Qu’on se le dise: même pour les sujets sérieux, un peu de fantaisie s’impose et c’est tout naturellement qu’un repas avec les représentants d’un média de droite radicale devait se dérouler, selon notre suggestion, dans un restaurant libanais lausannois. Cuisine levantine au programme, donc, mais préparée par un chef chrétien, à en croire la grosse croix tatouée sur son avant-bras. Chrétienne, notre table l’est d’ailleurs aussi, mais à des degrés divers. «On ne cherche à représenter aucune communauté religieuse en particulier», explique «Illya», l’un des contributeurs principaux du site. Et ce même si le premier événement public organisé par le média accueillait un prêtre traditionnaliste français, l’abbé Raffray, bien connu des jeunes droitards, comme cette génération se nomme elle-même sur les réseaux sociaux.
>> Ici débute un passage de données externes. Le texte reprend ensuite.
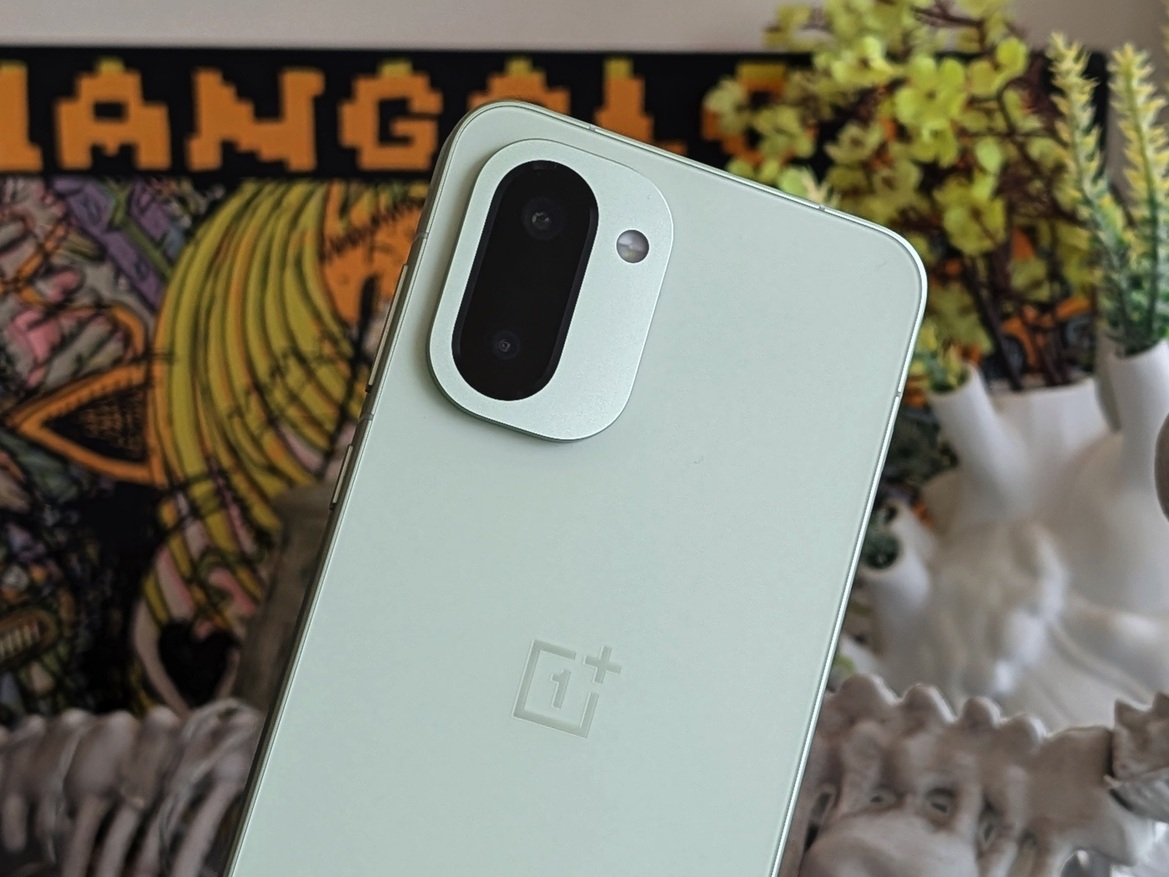 OnePlus 15R Review: Affordable Upper-Midrange Phone With Big Battery Life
De fait, les deux rédacteurs identifient la défense d’un «ordre supérieur» et d’une certaine «anthropologie européenne» comme le cœur doctrinal de leur projet. Mais la discussion sur les définitions, à l’évidence, n’est pas celle qui les passionne le plus: «Aujourd’hui, quand tu affirmes aimer ton pays, on te dit déjà que tu es nazi, donc autant assumer toutes les étiquettes», tranche «Le Médisant».
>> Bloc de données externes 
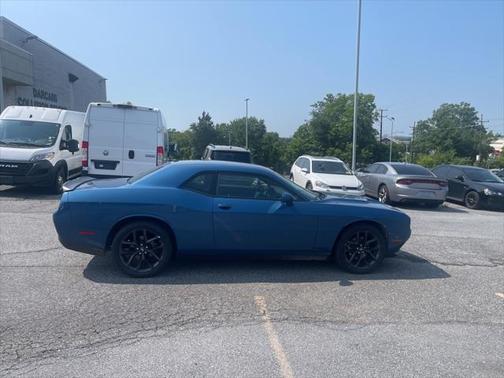 2022 Dodge Challenger SXT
S’il y a une étiquette qui ne sera jamais associée à La Hallebarde, cependant, c’est celle de tiède. «Illya» est d’ailleurs celui par qui le scandale est arrivé. L’un de ses textes, au ton particulièrement polémique, a poussé deux associations LGBT, Pink Cross et Los, à dénoncer l’œuvre de nos convives à la justice. «On s’autocensure souvent, mais celui-là est passé entre les gouttes», sourit-il. Il se défend, de même que son confrère, de prendre les homosexuels pour cibles en tant que tels. Ce seraient certaines outrances, comme la volonté – d’ailleurs aussi dénoncée par Le Peuple – de rééduquer la jeunesse, qui les auraient conduits à employer des mots très durs. Sans forcément vouloir blesser. Les deux amis expliquent que leur média, avec sa verve caractéristique, sert surtout de soupape à ceux qui, toute l’année, se farcissent de la «déconstruction» sociétale de masse. Des combats souvent marginaux, en termes de représentativité au sein de la population, mais qui occupent de plus en plus l’espace médiatique.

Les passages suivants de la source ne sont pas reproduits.